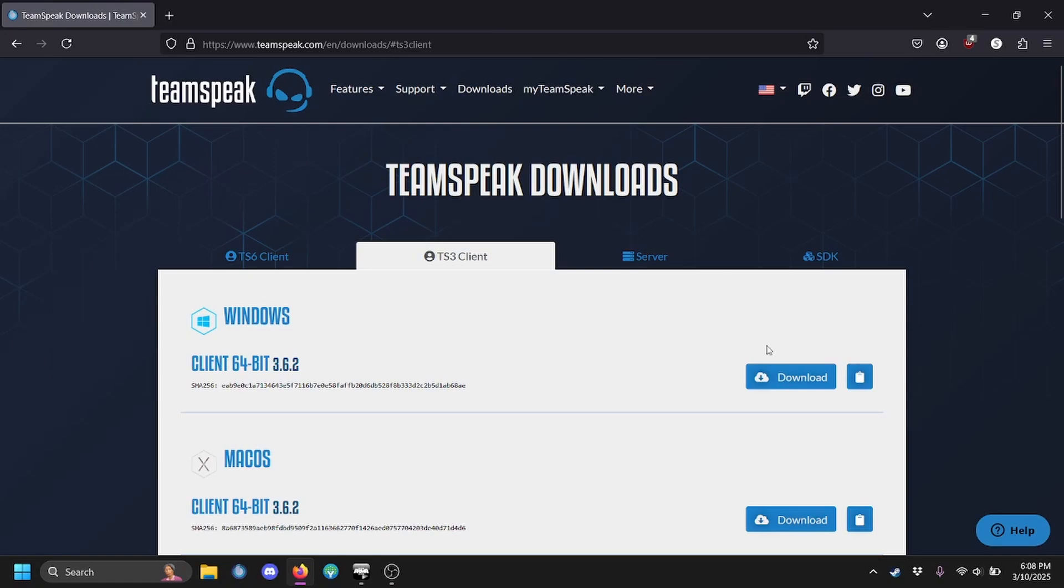First, install the TeamSpeak 3 client using the link provided in the description. Ensure that you install TeamSpeak 3 and not TeamSpeak 6, or it will not work.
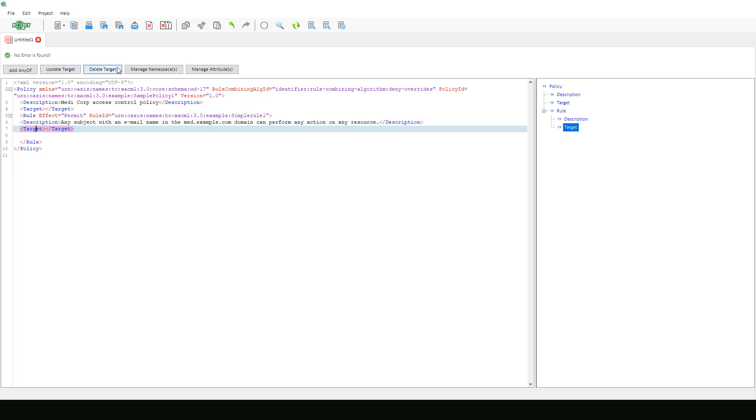Due to Security Policy Tool's assistive code completion features, it recognizes that we may need an any of element because we have created this target.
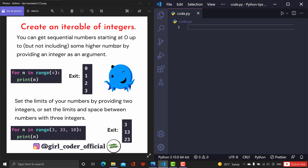Iterations are nothing but a sequence of numbers. By using this iterable of integers you can get sequential numbers starting from 0 and up to the number that you gave as the limit. For example, if you give `for n in range(4)`, the iteration will start from 0, print 1, 2, and 3, and when the program reaches the number 4 it will stop running and show the output.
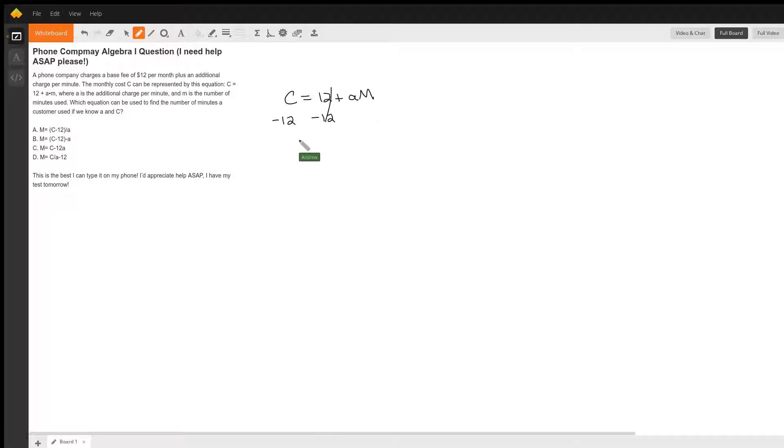So that will cancel and we get c minus 12 is then equal to a times m.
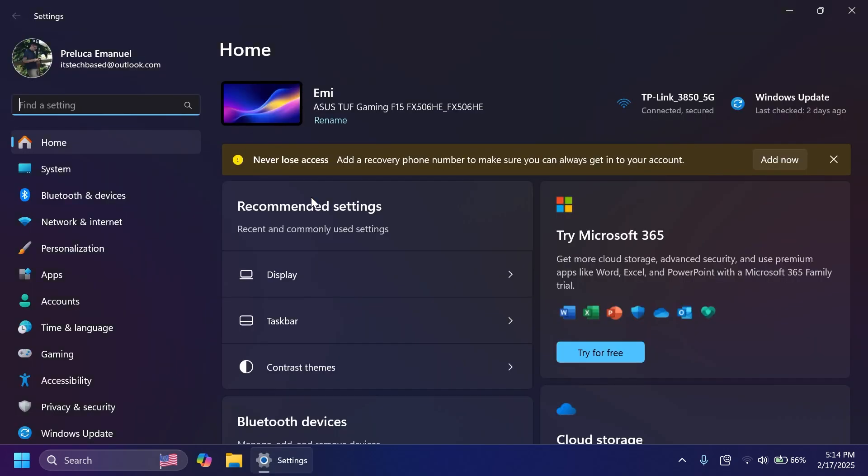Also related to the settings app, Game Pass Ultimate and PC Game Pass subscribers coming to settings homepage will begin to see a new card for referring a PC Game Pass subscription to their friends to try PC Game Pass for free. This new card will only appear on the settings homepage if you're signed into your PC with your Microsoft account and meet the required eligibility criteria.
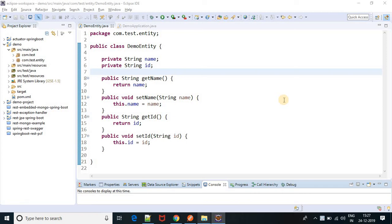Hello everyone. In this video, we will see how to handle null pointer exception. So, what is null pointer exception?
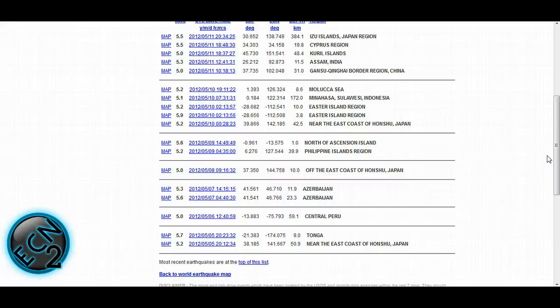or on the main EarthChangeNews channel or the EarthChangeNews updates, you'll know that earth changes are increasing. But earthquake activity has decreased a little bit.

▬▬▬▬▬▬▬▬▬▬

## Exercise directions
What you return must match the lines from the top of the data through the line with "So that will" exactly, with the pictures removed.

## Your solution
First, install the TeamSpeak 3 client using the link provided in the description. Ensure that you install TeamSpeak 3 and not TeamSpeak 6, or it will not work.
Due to Security Policy Tool's assistive code completion features, it recognizes that we may need an any of element because we have created this target.
Iterations are nothing but a sequence of numbers. By using this iterable of integers you can get sequential numbers starting from 0 and up to the number that you gave as the limit. For example, if you give `for n in range(4)`, the iteration will start from 0, print 1, 2, and 3, and when the program reaches the number 4 it will stop running and show the output.
So that will cancel and we get c minus 12 is then equal to a times m.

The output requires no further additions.